1938 was during a depression. The market had bottomed in
June 1932, and then recovered just over half of its loss
through March 1937 before a Fed policy error pushed the
economy back into the depression. The April 1, 1938 rally
marked the beginning of a bear market rally which faded in
early 1939 and resolved into a deeper low in April 1942. One
could develop some potential parallels between now and then,
but for grins, not as a basis for deciding how this rally is
likely to play out.1
In my view, the better basis for investment
decisions is (1) a thoughtful analysis of which
investment strategies may merit consideration as we
work our way through the current cycle and (2) a more
systematic comparison with past market cycles. I am
working on a new article, “Putting the Bear in
Perspective,” which compares the current market with
other market episodes.
In the meantime, it may be helpful to review
where I think we are in this cycle. Having suggested
decreases in equity allocations in September and
October, I recommended initiating purchases on an
approach to 1276 for the S&P 500® while maintaining
flexibility for additional purchases at lower levels.*
With the market so far having bottomed at 1270 in
January and 1256 in March, many investors may have
some nicely bought equities. In my view, investors
need not panic into positions at higher levels. Yes,
with hindsight, now may prove to be a better time to
fill in portfolios; but then again, history suggests to me
that retests lower should not come as a surprise.2
In my view, more thoughtful investors will cast
a wider net than just filling in with equities. After all, if
there is anything that investors should learn from
periods like the last six months, it is that equities have
risk and that other investments often decline in
sympathy. Investors might do well to talk with their
financial advisors about more broadly diversified
portfolios. Something as traditional as buying long-term
municipal bonds, which currently are at
historically attractive yield levels, may be appropriate
for many investors. There are, of course, other
investments to consider, which you may want to
discuss with your financial advisor.
* The Standard and Poor’s 500® Index (S&P 500) is a broad-based
index, the performance of which is based on the performance of 500
widely held common stocks chosen for market size, liquidity, and
industry group representation. The index does not include expenses, fees
or sales charges, which would lower performance. The index is
unmanaged and should not be considered an investment. It is not
possible to invest directly in an index. This is for informational purposes
only and is not meant to depict the performance of any investment.

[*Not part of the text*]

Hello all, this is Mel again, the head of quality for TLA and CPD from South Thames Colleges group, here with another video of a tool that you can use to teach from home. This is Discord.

1 For example, to illustrate the potential for stretching a comparison, one
could note that the 30 month time period between the September 1929
high and the March 1932 low was about the same as the inflation-adjusted
time period for the post-2000 decline (August 2000 to March
2003), using monthly data. Moreover, by some measures, the post-2000
decline was the severest, net of inflation, since the depression.
Continuing the stretch, the time periods to the next high (March 1932 to
February 1937 and March 2003 to October 1007) also were about the
same. Moreover, this downturn, like the secondary downturn in 1937,
appears to have been greased by Fed policy. In my view, such
comparisons are potentially spurious and misleading. I do note big up
days and actually was impressed by the market’s action on April 1st.

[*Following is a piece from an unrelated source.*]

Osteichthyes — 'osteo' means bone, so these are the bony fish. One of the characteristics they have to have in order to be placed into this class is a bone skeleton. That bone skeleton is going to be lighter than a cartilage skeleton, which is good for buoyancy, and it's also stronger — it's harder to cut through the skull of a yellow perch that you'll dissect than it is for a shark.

However, I then watch for follow-through. The 4.8% rally on April 1,
1938 was followed by 3.7% on April 2nd and another big day on April
3rd. The point is that more than a single number from the annals of
investing is needed to inform judgments.
2 See “Observation 1” from my September 2007 commentary, “Lessons
from Market Panics” at
http://www.vankampen.com/vksite/news/commentary/index.asp. Click on “Archive.”
This material has been prepared using sources of information generally believed to be reliable. No representation can be
made as to its accuracy. The forecasts and opinions in this piece are not necessarily those of Van Kampen, and may not
actually come to pass. Information in this report does not pertain to any Van Kampen product and is not a solicitation for any
product.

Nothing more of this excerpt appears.